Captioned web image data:
-*-*-

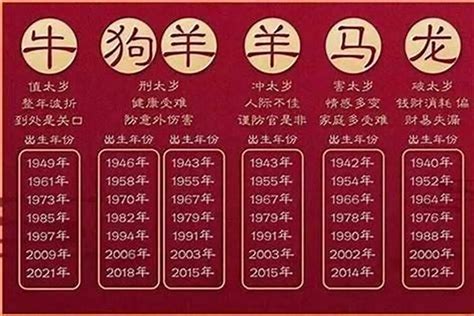 2025是什么生肖|2025年生肖属什么？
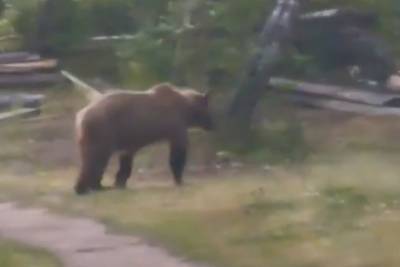 В Бурятии медведь продефилировал перед туристами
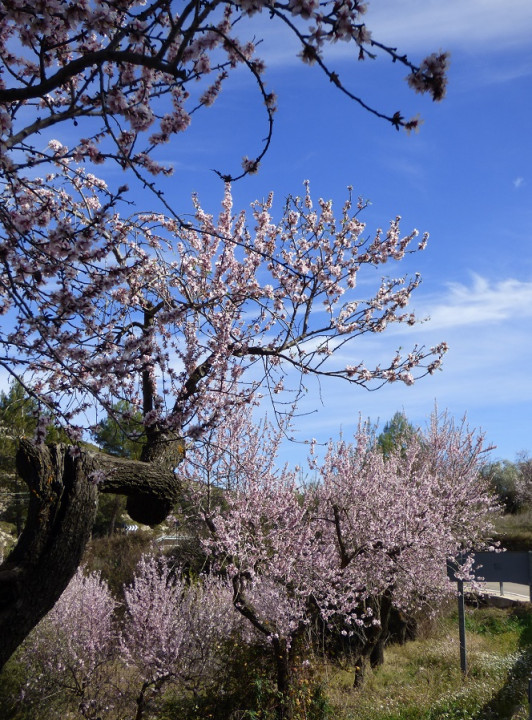 Mandelblüte im Vall de Seta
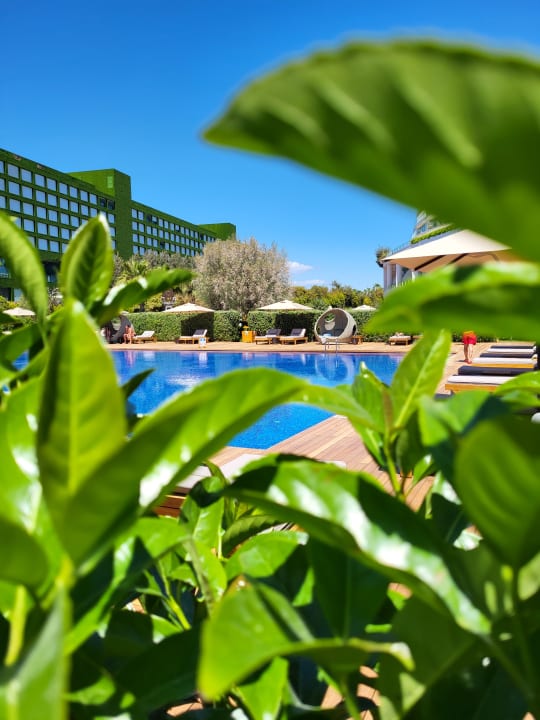Pool Maxx Royal Belek Golf Resort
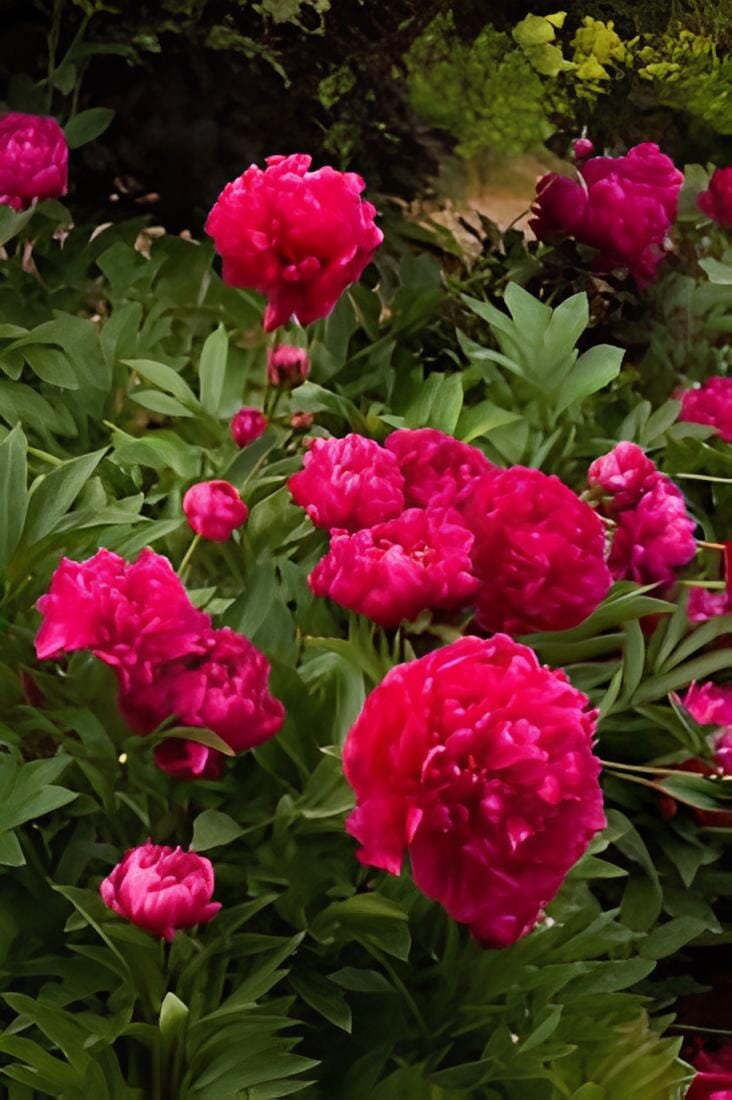 20 Seeds Exotic Double Peony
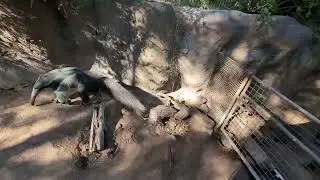 Anteaters at Reid Park Zoo
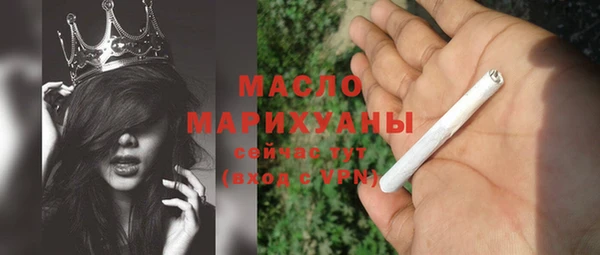 дживик Ельня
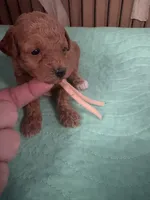 Roxy AKC, a male Poodle - Toy  for sale in Miami, FL – 2 of 3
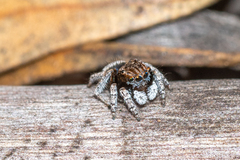 Maratus vespertilio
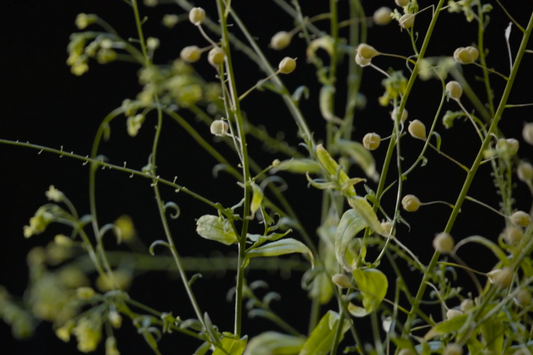 Camelina Omega 3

-*-*-

Task to complete ->
Pick up at the line that holds "Mandelblüte im Vall de Seta" and restate each line, word for word, through the last line of the entries. Include both end lines but none of the pictures.

Answer ->
 Mandelblüte im Vall de Seta
Pool Maxx Royal Belek Golf Resort
 20 Seeds Exotic Double Peony
 Anteaters at Reid Park Zoo
 дживик Ельня
 Roxy AKC, a male Poodle - Toy  for sale in Miami, FL – 2 of 3
 Maratus vespertilio
 Camelina Omega 3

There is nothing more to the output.